*** DATASET CONTENT
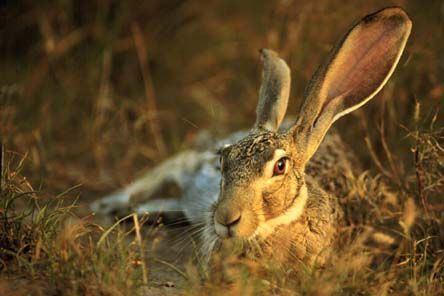 白邊傑克兔01(暫譯)學名lepus callotis英名White-sided Jackrabbit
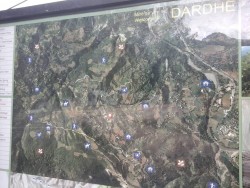 Dardhe2.jpg
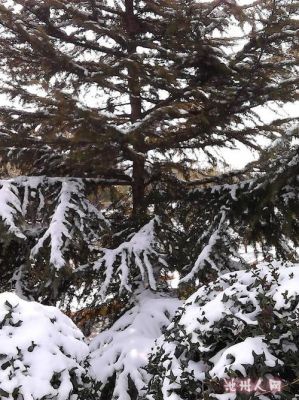 雪柏的价格(雪柏树价值多少)-图3 雪柏的价格(雪柏树价值多少)-图3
******
PROBLEM REQUIREMENTS:
Give the listing again exactly, excluding pictures.

REPLY TO THE EXERCISE:
 白邊傑克兔01(暫譯)學名lepus callotis英名White-sided Jackrabbit
 Dardhe2.jpg
 雪柏的价格(雪柏树价值多少)-图3 雪柏的价格(雪柏树价值多少)-图3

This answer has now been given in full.